Wednesday, July 11, 2007

Eureka ep. 2.1 - "Phoenix Rising" Review

The second season of Eureka starts out strong with this episode picking up a month after the season one finale.

As a result of Henry messing with the time stream in last season’s finale, Sheriff Carter and Henry are the only two people in Eureka who remember four years of a perfect future life. This knowledge is not sitting well with either man.

While Carter and Henry struggle to move past their memories, people in Eureka start bursting into flame. [How cool is it that I get to write about a show where people bursting into flame is just par for the course?!] While Carter investigates, Stark is released from his position as Director of Global Dynamics due to his tampering with the artifact. It was his experimenting that left Kim dead and the artifact…well, no one knows, “dead” maybe? In a surprising twist, Allison becomes Stark’s replacement as Director.

All this doesn’t fit with the idyllic future Carter once lived. Carter loses faith as Allison and he drift father apart instead of closer together. Henry cobbles together a device that will allow the two men to forget the future they once lived, and after explaining that Henry will never forgive Carter for allowing Kim to die, Henry erases Carter’s memory of the future.

Only, Henry doesn’t do the same to himself. Instead, he’s off to work for Global Dynamics, but with what sinister motives?

Oh, and the artifact? Turns out that all that energy can’t just disappear. It simply moved somewhere else. Like, inside Kevin, Allison’s autistic son. Interesting…

The visual effects in this show continue to amaze me. Just like the effects in Battlestar Galactica, I am surprised that they can do as much – and as realistically – as they can with a TV budget. I could print off screen captures from the show – Henry standing between the explosion of the artifact and Kim, for example – that are simply mind-blowing.

The show is a little unfriendly to new viewers (and my review as well – I assume in my review a knowledge of the characters and series), but I think the underlying mystery and the quirkiness of the characters could draw even those new viewers in. It also helps that the website and recaps are full of all the information you need to fully enjoy the individual episodes.

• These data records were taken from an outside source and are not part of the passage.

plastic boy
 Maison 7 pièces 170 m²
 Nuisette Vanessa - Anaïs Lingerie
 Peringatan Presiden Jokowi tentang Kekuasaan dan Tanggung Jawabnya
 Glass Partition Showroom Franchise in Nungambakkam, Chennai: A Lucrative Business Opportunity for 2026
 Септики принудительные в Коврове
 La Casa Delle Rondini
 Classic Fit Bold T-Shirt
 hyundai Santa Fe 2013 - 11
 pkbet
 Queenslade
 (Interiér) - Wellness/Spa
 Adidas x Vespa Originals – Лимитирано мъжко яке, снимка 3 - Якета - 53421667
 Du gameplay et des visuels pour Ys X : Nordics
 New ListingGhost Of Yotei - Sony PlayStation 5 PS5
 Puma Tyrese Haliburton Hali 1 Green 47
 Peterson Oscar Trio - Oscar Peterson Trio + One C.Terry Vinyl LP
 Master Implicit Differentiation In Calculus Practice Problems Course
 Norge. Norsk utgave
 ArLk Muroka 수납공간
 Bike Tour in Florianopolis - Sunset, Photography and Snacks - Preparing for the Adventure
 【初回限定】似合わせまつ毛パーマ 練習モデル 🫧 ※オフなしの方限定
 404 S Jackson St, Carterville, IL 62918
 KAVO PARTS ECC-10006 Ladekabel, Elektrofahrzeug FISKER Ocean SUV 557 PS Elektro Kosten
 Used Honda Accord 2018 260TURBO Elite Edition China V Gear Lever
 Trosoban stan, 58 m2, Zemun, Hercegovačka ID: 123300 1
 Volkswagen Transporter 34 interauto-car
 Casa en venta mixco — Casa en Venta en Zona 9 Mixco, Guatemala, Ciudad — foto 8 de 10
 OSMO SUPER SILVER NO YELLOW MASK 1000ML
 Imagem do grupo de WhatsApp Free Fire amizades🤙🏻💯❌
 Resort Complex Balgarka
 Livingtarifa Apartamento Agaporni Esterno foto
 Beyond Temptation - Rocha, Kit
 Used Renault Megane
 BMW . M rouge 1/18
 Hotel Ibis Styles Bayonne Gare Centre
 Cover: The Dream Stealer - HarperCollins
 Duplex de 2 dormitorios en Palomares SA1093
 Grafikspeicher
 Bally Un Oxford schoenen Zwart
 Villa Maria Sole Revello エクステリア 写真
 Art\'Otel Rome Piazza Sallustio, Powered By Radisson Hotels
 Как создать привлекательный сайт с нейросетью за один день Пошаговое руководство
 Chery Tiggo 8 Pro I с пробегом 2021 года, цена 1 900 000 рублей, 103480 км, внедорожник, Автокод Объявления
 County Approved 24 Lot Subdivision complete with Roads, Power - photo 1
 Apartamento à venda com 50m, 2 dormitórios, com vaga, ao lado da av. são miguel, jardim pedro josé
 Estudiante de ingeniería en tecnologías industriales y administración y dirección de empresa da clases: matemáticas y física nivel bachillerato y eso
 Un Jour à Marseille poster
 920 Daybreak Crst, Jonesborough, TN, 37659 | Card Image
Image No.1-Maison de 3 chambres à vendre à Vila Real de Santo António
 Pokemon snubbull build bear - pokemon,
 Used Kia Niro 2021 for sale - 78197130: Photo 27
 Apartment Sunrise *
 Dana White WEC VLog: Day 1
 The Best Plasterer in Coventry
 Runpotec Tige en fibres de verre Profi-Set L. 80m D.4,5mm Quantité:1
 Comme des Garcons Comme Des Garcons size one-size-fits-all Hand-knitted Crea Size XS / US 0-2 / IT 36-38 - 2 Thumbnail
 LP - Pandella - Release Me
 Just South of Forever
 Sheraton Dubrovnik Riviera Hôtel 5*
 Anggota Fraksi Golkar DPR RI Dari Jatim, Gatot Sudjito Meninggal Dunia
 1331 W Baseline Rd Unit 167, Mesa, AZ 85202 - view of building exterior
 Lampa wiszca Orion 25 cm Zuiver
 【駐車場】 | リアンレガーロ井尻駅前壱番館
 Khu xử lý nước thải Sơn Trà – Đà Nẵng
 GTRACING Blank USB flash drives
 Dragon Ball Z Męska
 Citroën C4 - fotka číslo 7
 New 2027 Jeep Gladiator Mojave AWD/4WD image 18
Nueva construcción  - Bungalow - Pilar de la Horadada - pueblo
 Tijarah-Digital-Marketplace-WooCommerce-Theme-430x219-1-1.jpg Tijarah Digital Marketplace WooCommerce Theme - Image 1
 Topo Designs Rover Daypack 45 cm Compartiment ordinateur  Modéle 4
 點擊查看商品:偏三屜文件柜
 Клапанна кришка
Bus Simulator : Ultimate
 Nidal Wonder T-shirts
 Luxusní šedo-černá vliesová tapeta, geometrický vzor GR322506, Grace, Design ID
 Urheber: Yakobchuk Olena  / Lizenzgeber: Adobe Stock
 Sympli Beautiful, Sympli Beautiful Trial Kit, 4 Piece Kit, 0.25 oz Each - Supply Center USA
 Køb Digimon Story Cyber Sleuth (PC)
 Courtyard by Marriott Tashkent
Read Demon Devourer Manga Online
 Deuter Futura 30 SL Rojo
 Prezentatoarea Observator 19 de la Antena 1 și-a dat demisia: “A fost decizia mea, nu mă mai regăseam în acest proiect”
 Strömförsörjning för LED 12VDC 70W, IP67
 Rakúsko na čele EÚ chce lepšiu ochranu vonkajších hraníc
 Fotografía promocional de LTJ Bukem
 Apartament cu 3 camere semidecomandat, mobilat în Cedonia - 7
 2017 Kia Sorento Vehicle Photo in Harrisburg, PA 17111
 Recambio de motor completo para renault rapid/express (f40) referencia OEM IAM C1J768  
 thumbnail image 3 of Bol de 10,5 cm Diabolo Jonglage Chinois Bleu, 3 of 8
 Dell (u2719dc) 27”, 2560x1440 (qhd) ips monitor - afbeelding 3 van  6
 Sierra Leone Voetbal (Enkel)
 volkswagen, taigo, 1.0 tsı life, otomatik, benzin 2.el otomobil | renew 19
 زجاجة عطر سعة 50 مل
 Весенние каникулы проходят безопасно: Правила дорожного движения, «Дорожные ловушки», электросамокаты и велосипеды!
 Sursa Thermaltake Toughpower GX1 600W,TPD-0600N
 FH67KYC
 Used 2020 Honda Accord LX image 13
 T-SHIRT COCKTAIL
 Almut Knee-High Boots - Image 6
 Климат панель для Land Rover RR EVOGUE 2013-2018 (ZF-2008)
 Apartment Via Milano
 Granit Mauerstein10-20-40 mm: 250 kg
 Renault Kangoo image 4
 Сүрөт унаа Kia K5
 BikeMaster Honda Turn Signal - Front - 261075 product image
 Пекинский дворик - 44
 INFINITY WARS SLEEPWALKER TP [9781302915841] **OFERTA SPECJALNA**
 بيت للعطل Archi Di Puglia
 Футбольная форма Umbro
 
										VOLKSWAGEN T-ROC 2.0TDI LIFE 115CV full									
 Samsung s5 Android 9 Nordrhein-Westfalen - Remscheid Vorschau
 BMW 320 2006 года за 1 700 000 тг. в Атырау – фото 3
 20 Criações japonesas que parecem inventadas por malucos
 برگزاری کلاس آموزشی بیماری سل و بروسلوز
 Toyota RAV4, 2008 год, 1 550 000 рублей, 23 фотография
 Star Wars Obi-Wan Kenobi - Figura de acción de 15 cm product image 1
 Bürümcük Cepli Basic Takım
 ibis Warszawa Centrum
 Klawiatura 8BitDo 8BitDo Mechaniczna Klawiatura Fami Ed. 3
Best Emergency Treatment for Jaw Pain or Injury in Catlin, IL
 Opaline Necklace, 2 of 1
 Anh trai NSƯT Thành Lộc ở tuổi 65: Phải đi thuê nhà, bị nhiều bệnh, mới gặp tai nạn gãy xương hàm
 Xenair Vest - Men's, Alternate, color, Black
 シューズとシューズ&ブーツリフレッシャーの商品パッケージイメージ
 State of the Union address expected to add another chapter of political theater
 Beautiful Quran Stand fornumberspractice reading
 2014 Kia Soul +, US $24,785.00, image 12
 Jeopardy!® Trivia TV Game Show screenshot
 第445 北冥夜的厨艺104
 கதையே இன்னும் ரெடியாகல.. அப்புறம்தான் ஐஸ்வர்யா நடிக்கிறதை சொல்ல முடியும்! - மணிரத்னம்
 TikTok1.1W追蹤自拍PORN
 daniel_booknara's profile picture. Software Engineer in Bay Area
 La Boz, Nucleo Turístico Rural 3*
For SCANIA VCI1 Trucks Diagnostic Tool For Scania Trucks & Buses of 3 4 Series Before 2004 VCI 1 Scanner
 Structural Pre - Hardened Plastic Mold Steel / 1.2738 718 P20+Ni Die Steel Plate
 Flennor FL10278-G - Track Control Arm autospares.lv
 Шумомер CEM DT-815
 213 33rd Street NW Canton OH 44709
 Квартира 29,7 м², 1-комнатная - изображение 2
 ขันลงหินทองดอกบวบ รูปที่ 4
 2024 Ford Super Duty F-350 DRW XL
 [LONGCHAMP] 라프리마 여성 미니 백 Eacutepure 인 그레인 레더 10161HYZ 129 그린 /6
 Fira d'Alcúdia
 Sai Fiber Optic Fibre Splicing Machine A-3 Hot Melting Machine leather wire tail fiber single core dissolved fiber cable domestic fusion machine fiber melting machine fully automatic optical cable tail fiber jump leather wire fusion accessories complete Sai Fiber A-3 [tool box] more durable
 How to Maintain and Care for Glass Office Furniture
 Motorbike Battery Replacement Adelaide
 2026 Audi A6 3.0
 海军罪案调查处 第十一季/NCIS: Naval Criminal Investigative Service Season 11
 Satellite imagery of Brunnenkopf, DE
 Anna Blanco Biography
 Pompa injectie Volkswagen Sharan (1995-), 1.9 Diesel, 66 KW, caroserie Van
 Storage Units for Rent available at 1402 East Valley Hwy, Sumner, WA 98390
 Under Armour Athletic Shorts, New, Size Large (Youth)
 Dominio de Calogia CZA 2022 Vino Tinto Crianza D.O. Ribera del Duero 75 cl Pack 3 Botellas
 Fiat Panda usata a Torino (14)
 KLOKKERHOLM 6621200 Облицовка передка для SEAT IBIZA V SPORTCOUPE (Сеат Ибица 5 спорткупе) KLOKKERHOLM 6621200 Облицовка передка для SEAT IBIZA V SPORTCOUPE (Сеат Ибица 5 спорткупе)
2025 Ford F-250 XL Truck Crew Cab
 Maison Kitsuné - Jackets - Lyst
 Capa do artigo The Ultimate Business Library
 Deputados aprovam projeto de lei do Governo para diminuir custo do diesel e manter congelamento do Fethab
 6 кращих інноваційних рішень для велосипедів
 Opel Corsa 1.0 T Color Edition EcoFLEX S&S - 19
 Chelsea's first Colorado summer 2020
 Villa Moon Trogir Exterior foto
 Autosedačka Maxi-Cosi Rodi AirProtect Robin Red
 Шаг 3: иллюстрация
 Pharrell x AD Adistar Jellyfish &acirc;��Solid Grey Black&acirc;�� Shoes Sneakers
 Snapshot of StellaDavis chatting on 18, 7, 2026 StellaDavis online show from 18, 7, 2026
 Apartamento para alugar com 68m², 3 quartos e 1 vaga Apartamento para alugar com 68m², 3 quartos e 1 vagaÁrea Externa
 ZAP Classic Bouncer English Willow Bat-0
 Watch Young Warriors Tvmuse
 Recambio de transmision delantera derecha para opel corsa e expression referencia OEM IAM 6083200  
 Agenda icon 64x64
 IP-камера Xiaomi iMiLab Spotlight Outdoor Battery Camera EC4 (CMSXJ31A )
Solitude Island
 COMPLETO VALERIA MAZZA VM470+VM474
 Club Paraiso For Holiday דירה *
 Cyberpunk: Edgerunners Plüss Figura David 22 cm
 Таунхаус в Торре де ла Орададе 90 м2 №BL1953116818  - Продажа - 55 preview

Next episode: Fargo messes around with a force-field generator and the town is in peril.

2 comments:

Midnight Sprinter said...

You just busted out the word "idyllic" for a TV show review... Mr. Fancypants Pirate it seems.

Escape Pirate said...

Hey, I do have a vocabulary beyond the four-letter swear words I use when talking in everyday conversation. I do have 3 degrees - one in English - remember?

(I love tossing that out there. It makes me feel better since I have no job.)